Madhuri Dixit's comeback film became a victim of competitive Dalit politics on Saturday, just a day after its release. The film was banned first in UP and then in Punjab and Haryana after some Dalit organisations objected to derogatory lines in the title track.
The ban was withdrawn in UP only after the producers - Yashraj films - apologised. But is Aaja Nachle a victim of competitive Dalit politics? Is artistic freedom being compromised by politics?
CNN-IBN Editor-in-Chief Rajdeep Sardesai put these questions to President of National Justice Party, Udit Raj – the man who raised the storm.
Rajdeep Sardesai: Udit Raj, you have raised the voice against the film. Is this about your competitive politics? It’s not about the film, it’s not even about artistic expression, it’s not about the anger you’re feeling about the song’s lyrics. You wanted to raise your voice because you wanted to politicise this Aaja Nachle controversy.
Udit Raj: Let me tell you. I am never for sensationalizing anything. On Wednesday I made this statement that the song must be corrected. Then on Thursday, I followed up on it. Friday it was to be released. I made it clear that we weren’t for banning the movie. We are not fundamentalists and did not want to make a political issue out of it. I just want those lyrics to be deleted,” he said.
Rajdeep Sardesai: The lyrics were: Bazaar mein machi maaramar hai, bole mochi bhi khud ko sunaar hai. The directors say when they referred to the word mochi, they were referring to cobblers. You have now converted that into a slur against Dalits in general. Shouldn’t you have given a little more space to artistic freedom?
Udit Raj: Not at all. I have been telling them to delete that part and we’d be happy to let the film go ahead. We are not doing the Shiv Sena kind of politics, pelting stones etc.
Rajdeep Sardesai: But viewers were removed midway through the show in the cinema. Mayawati government did it.
Udit Raj:That is wrong…
Rajdeep Sardesai: That’s wrong? Okay. Mayawati government did it. Isn’t it comparative politics? Probably you would have done the same thing.
Udit Raj: This is not at all comparative. I disagree with you. Mayawati took up this issue this evening because she thought I could not get more publicity.
Rajdeep Sardesai: But that’s part of the problem. The problem is that this is publicity for you. You’ve had your day in the arc-lights by pushing for the deletion of those words, giving more publicity to the film in the process. Could there not have been a debate?
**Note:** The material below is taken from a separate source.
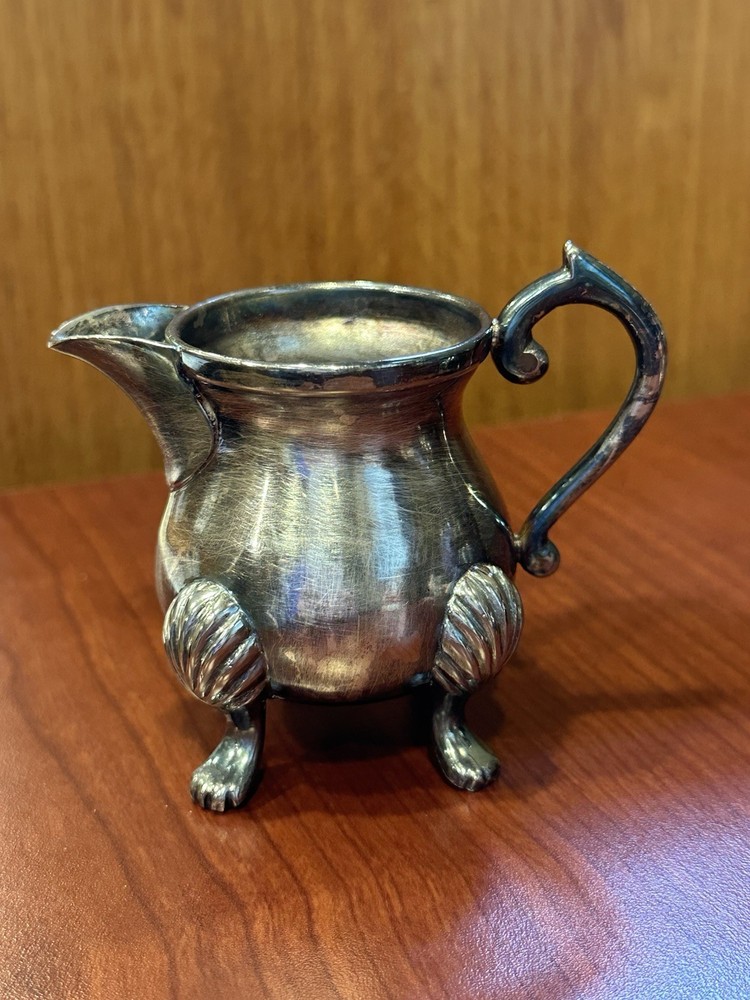 Vintage Silver Plated Creamer with Ornate Footed Design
Why all this ban and deletion?
Udit Raj: The directors and producers are not available to us. To make our voice reach them, this was the only way.
Rajdeep Sardesai: We’ve reached a situation while UP has lifted the ban, it has spread to Haryana and Punjab. The fear is that any filmmaker must worry about what people like you will say. Earlier Modi banned Parzania, Akali government banned Jo Bole So Nihal.
Udit Raj: They are fundamentalists. I can’t be compared to Narendra Modi and the likes because I am a rational politician. There was no other way. We did not trouble anyone. If you listen to the lyrics, it’s totally out of context.
Rajdeep Sardesai: The song has been on air for months. Why didn’t you object to it earlier?
Udit Raj: The song came to my notice only now. I don’t watch TV. If I knew, I would have raised my objections earlier.